Dick Smith hasn't been part of Woolies for years. As for getting a buyer that would be hopeless as whoever bought it would be up against Bunnings and Woolies with their deep pockets failed.
I have only been to one Masters on the Gold Coast and it to hide to lack of stock it had wide aisles where Bunnings was narrow.
Shame it had to happen as Bunnings has destroyed all the competition now they have it all to themselves.

----------


## phild01

> Dick Smith hasn't been part of Woolies for years.

  Know that, was just a comment on what SBD said.  DS owners managed to contrive an inflated share value and took shareholders for a ride.

----------


## InsaneAsylum

Last time I shopped at Dick Smith, I bought electronic components.
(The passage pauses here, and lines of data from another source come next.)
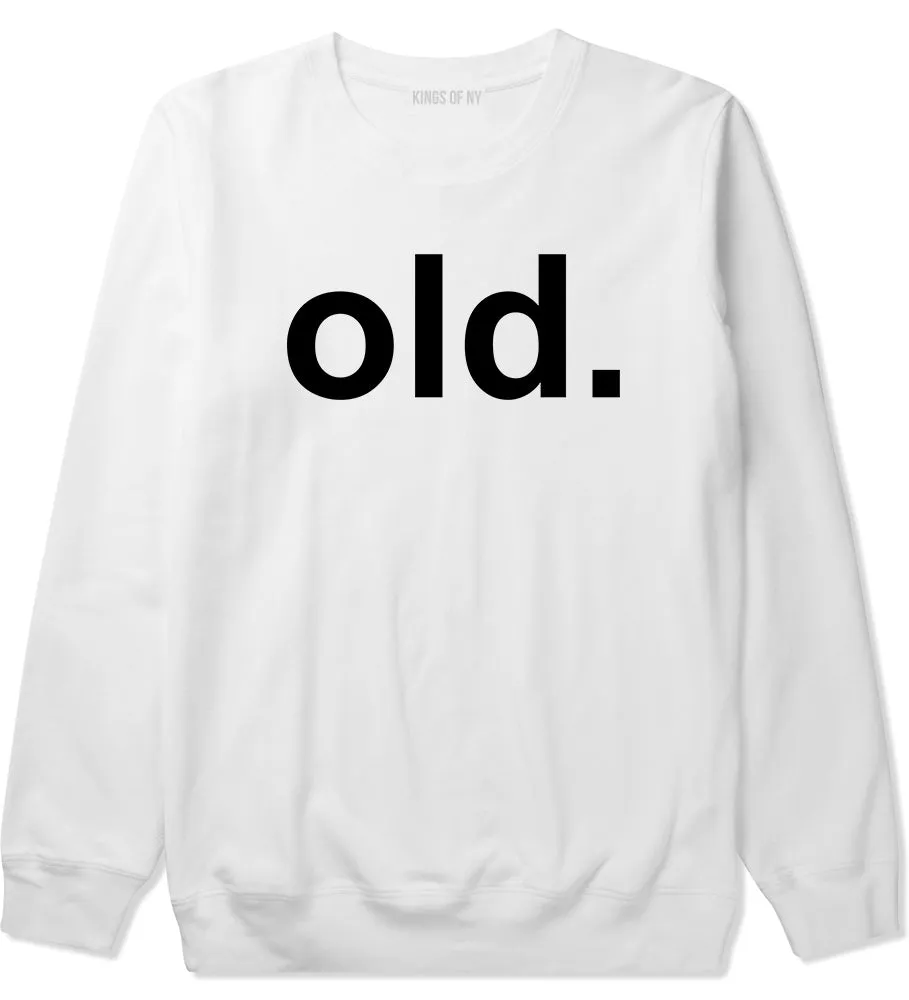 Old Funny Grandpa Grandfather Mens Crewneck Sweatshirt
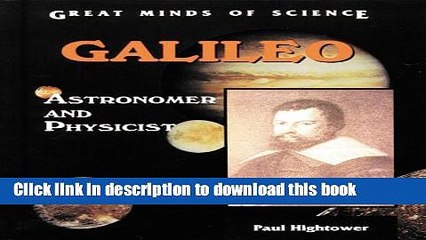 Books Galileo: Astronomer and Physicist Free Online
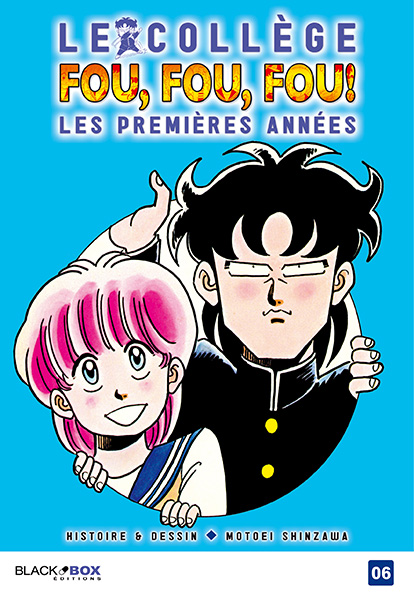 Collège Fou Fou Fou - Kimengumi - Les premières années - Tome 6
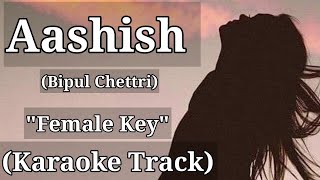 Aashish  Bipul Chettri  Karaoke Track  Female Key  With Lyrics [upl. by Genny]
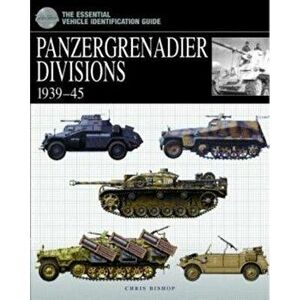 Panzergrenadier Divisions 1939-45, Hardcover - Chris Bishop imagine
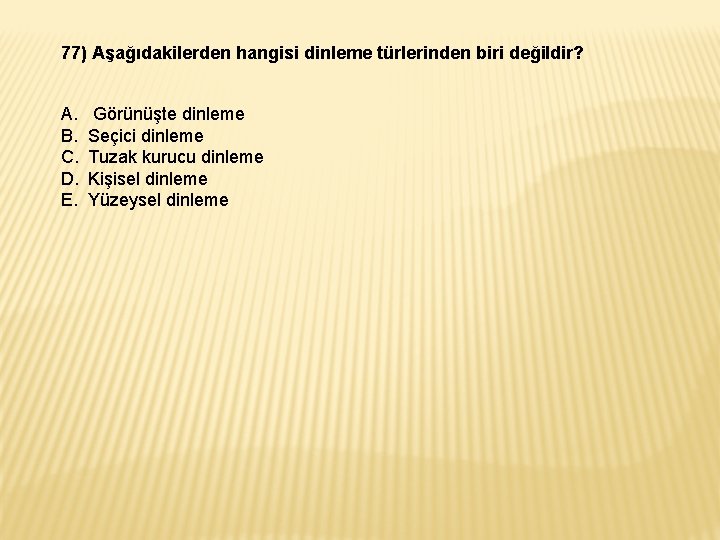 77) Aşağıdakilerden hangisi dinleme türlerinden biri değildir? A. B. C. D. E. Görünüşte dinleme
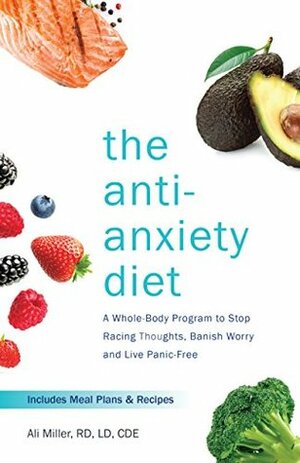 The Anti-Anxiety Diet: A Whole Body Program to Stop Racing Thoughts, Banish Worry and Live Panic-Free by Ali Miller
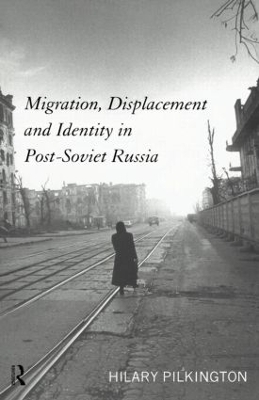 Migration, Displacement and Identity in Post-Soviet Russia book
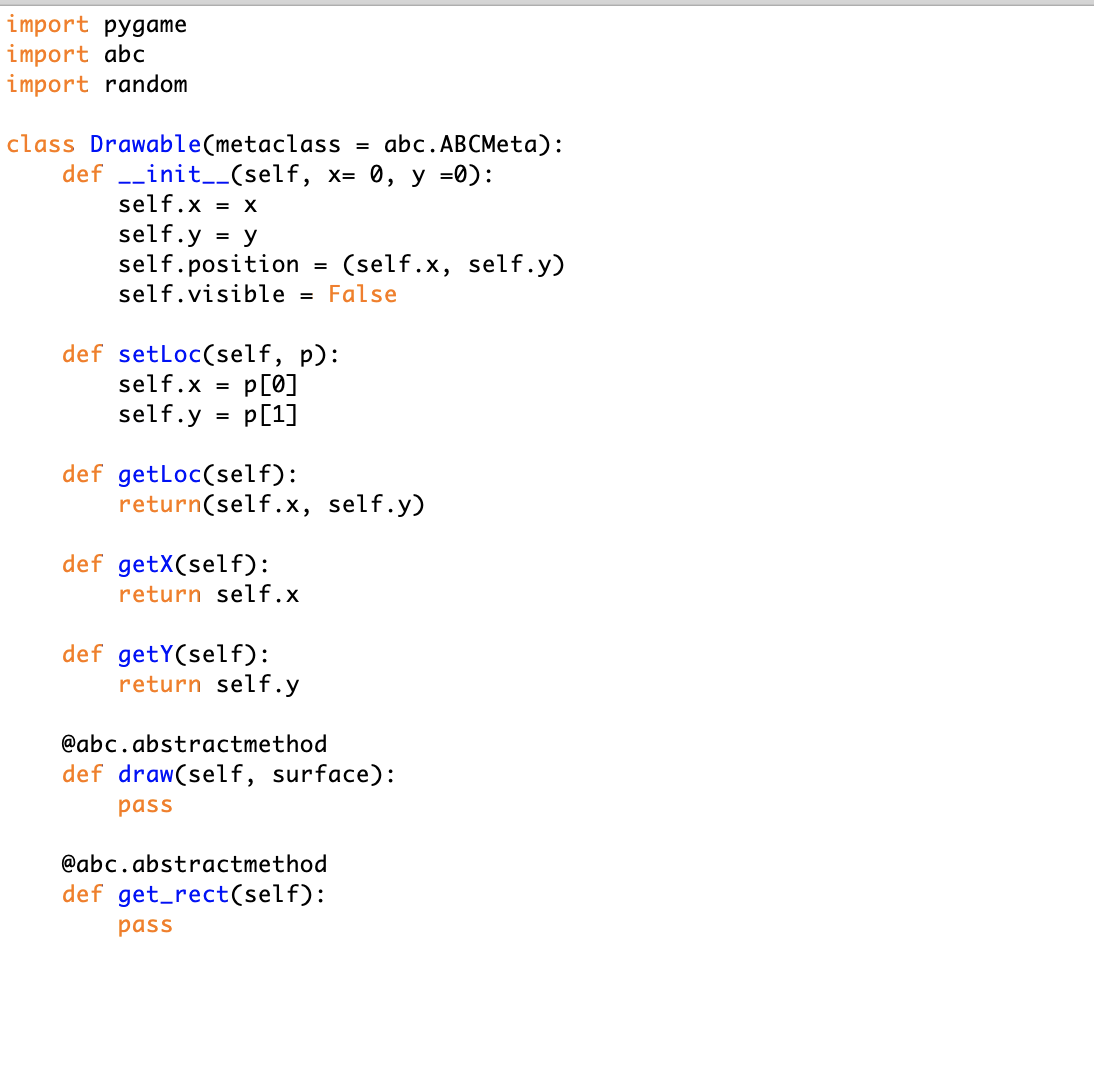 import pygame
import abc
import random
class Drawable(metaclassabc.ABCMeta):
def __init__(self, x- 0, y -0):
self.x- X
self.y -y
self.position - (self.x, self .y)
self.visibleFalse
def setLoc(self, p):
self.x p0]
self.y -p[17
def getLoc(self):
return(self.x, self.y)
def getX(self)
return self.x
def getY(self):
return self.y
@abc.abstractmethod
def draw(self, surface):
pass
@abc.abstractmethod
def get rect(self):
pass
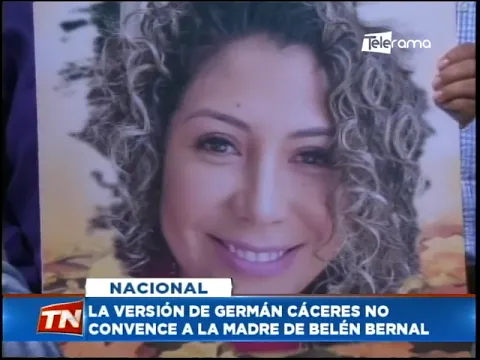 La versión de Germán Cáceres no convence a la madre de Belén Bernal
They haven't stocked that stuff for a long long time.

----------


## Bros

> DS owners managed to contrive an inflated share value and took shareholders for a ride.

  Big time, that were laughing all the way to the bank.

----------


## PlatypusGardens

So did anyone here shop at Masters.....much.....at all....?  
I think I bought a bag of GP there once

----------


## davegol

I have a masters right near where I work, so I stroll down there often at lunch time, and only very occasionally buy something. 
My view is:  *
The staff sucks*. When Bunnings started, they used to hire retired tradies - that was their trump card. Those guys knew how to fix every problem, were happy to chat, and really built the place. Now Bunnings hire 16 year olds who don't know much, but I've noticed from my local bunnings that they're changing back to tradies - a good thing.  *The range sucks*. Bunnings philosophy is to sell 3 of EVERYTHING - a cheap crappy one designed to break and get you back into the store, a medium priced every-day one, and an expensive one only tradies will buy. 
Masters philosophy seems to be to sell 1 of some things. And their selection of things to sell is head scratching. They'll have  the full range of one item, and none of another. It's almost like shopping at Apple. If your problem fits exactly with their solution they will sell you something. Bunnings have a whatsit or a doobie for every problem.
The other thing is that they haven't decided if they are a hardware store competing with bunnings or a homewares store competing with Kmart/Harvey Norman/Freedom/Ikea. They seem to be stuck in no-mans land in the middle, and therefore couldn't forge an identity.

----------


## PlatypusGardens

Yeh it sucks when you go to any store, ask someone a question about an item and all they do is read the back of the packaging and say...umm....dunno

----------


## PlatypusGardens

Anyway it's does kinda suck, even though I never went there, but it would have been good to see someone make Bunnings sweat a bit. 
Can't see that ever happening though.  
They'll keep putting the little guy out of business as people want convenience, everything under one roof, balloons for the kids and disgusting hotdogs on the way out   :Rolleyes:

----------


## Uncle Bob

The one in Canberra is at the airport, with the closest house like 12 minutes away by car. Not really the place you can duck down to get that howsyoumewhatsit that you urgently need.
I'm not sure WTH they were thinking when they located it there. I've never brought anything there but did once go for a sticky beak. I was impressed how clean the store was, unlike Bunnings. But that's to be expected with a brand new store.

----------


## PlatypusGardens

> The one is Canberra is at the airport,

  Haha I've been to that one.
Thought it was an odd place to put it as well....    :Unsure:

----------


## Bros

> I was impressed how clean the store was, unlike Bunnings.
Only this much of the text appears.